“Sempre
penso no pior. Agora mesmo estou calculando quanto demoraria para sair correndo
do carro e chegar até Nina, se ela corresse de repente para a piscina e se
atirasse. A isso dou o nome de ‘distância de resgate’, que é como chamo a
distância variável que me separa de minha filha, e passo a metade do dia
fazendo esse cálculo, embora sempre arrisque mais do que deveria.”
Duas
pessoas conversam. No início, não sabemos quem são, só que uma delas está para
morrer, e a outra instiga a doente a continuar falando, relembrando o que
aconteceu. Há urgência no relato. Amanda,
a enferma, quer saber da filha de 4 anos, Nina.

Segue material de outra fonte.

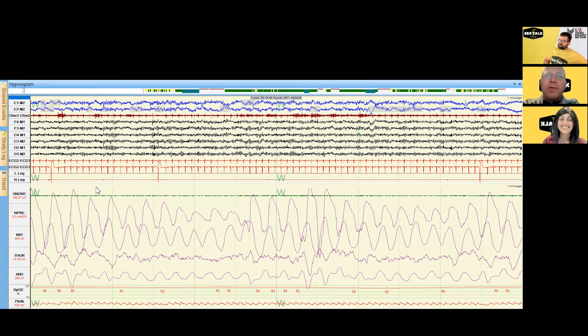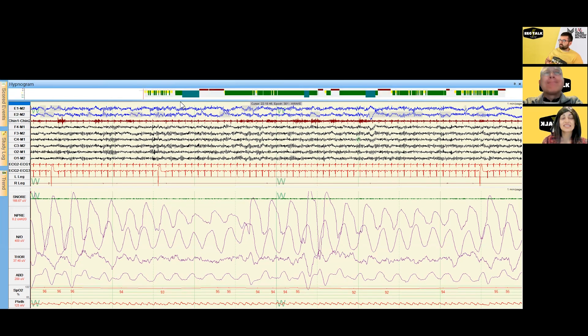Let's dive in. The hypnogram gives us a bird's-eye view of sleep stages across the night, running from lights out to lights on. Different colors represent different stages of sleep. You can see a lot of flipping back and forth between yellow and green — in our lab that's stage one versus stage two non-REM sleep — which indicates a lot of sleep fragmentation and instability going back and forth between those two stages.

David, seu interlocutor, está
impaciente, só repete várias vezes ‘isso não é importante’ e ‘precisamos saber
o ponto exato’. Alternando entre o tempo presente, em que essa conversa se
desenrola, e acontecimentos de alguns dias antes, a narrativa nos dá peças para
que possamos tentar reconstruir a história na ordem cronológica. Ao fim da
leitura, foi possível estabelecer a linha do tempo, mas saber o que de fato
aconteceu... isso já são outros quinhentos, dando margem a várias teorias e
interpretações.
‘Distância de resgate’ é um livro
curto, de 144 páginas que nos apresentam uma narrativa sem capítulos. Impelida
pelo senso de urgência dos personagens e pela curiosidade, devorei cada linha
com avidez, tensa, em menos de duas horas. Ao final, fiquei satisfeita por ter
conseguido organizar os eventos de forma linear, mas extremamente incomodada
com os mistérios que persistiam, perturbada com as imagens insólitas que
pareciam saídas de um filme de terror, angustiada só de imaginar possíveis
explicações para os fatos.
Como
o interessante do livro é mergulhar na confusão mental de Amanda, não posso
falar muito da trama. Só que se passa numa área rural da Argentina e que
envolve acontecimentos estranhos, que podem estar relacionados com efeitos de
pesticidas na água, mas que também têm características sobrenaturais. Realidade
e imaginação se misturam, e diferenciá-las nem é o mais importante.
Além
disso, há também uma discussão sobre a tal ‘distância de resgate’ do título,
que é o constante estado de alerta das mães com relação aos seus filhos. Essa
distância é medida por um fio invisível, que se estica e encolhe, dependendo
das situações e do nível de perigo apresentado. O aperto na boca do estômago,
numa alusão clara ao cordão umbilical que representa a ligação eterna e
invisível entre mães e filhos, é sinal evidente de que a prole está sendo
ameaçada. E a culpa materna que surge quando não se presta atenção a esses
indícios, mesmo que, de fato, não haja nada que possa ser feito para evitar o
pior.
Primeiro
romance da escritora argentina Samanta Schweblin, ‘Distância de Resgate’ é um suspense
incrível que aterroriza sem apelar para demônios e seres malévolos, usando um
cenário corriqueiro com contornos bem reais para explorar a fantasia. Não por
acaso, a autora vem sendo considerada herdeira do realismo fantástico
latino-americano. Um título e tanto, não?
Só
sei que fiquei pensando na história durante vários dias. Elaborei teorias.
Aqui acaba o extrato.